Directions for this task
Go through the listing and copy each line with the string "going".

Data listing
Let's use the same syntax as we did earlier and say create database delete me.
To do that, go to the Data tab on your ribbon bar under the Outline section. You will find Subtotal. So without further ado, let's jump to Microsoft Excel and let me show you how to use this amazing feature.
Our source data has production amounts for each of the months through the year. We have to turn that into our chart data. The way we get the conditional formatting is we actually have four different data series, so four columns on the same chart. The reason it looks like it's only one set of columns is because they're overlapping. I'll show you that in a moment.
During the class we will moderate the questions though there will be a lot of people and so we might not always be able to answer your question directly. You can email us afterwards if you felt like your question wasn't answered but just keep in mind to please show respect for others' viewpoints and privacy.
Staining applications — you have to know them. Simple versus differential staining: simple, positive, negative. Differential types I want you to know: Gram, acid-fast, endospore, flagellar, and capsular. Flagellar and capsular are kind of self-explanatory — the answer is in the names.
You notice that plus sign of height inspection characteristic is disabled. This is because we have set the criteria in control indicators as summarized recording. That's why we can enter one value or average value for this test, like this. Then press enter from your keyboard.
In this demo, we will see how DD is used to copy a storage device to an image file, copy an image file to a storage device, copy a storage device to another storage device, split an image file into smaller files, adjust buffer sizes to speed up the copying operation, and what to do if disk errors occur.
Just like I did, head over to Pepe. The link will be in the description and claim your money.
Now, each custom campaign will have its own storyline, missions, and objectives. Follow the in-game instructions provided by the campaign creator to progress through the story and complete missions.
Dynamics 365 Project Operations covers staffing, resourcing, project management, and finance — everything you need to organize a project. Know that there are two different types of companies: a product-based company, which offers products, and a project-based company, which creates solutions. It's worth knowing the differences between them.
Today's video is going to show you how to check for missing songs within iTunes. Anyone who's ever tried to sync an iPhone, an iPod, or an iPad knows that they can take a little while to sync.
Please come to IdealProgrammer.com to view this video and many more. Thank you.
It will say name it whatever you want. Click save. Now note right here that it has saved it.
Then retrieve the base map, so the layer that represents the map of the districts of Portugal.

...

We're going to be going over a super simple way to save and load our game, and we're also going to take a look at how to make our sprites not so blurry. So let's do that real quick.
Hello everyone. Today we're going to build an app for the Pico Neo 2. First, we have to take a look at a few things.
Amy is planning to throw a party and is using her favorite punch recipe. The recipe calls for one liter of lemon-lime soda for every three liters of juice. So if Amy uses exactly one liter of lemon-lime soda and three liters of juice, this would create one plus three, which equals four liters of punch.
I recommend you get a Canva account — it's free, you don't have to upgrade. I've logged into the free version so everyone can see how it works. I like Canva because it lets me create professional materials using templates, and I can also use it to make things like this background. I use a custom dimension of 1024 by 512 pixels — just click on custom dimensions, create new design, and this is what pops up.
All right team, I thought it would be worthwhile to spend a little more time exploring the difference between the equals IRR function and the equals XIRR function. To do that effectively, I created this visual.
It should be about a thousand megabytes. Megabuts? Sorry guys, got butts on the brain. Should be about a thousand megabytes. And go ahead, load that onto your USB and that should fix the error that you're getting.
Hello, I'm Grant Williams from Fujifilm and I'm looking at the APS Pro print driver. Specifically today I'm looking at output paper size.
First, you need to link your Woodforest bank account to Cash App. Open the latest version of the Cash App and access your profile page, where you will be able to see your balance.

Task solution
Today's video is going to show you how to check for missing songs within iTunes. Anyone who's ever tried to sync an iPhone, an iPod, or an iPad knows that they can take a little while to sync.
We're going to be going over a super simple way to save and load our game, and we're also going to take a look at how to make our sprites not so blurry. So let's do that real quick.
Hello everyone. Today we're going to build an app for the Pico Neo 2. First, we have to take a look at a few things.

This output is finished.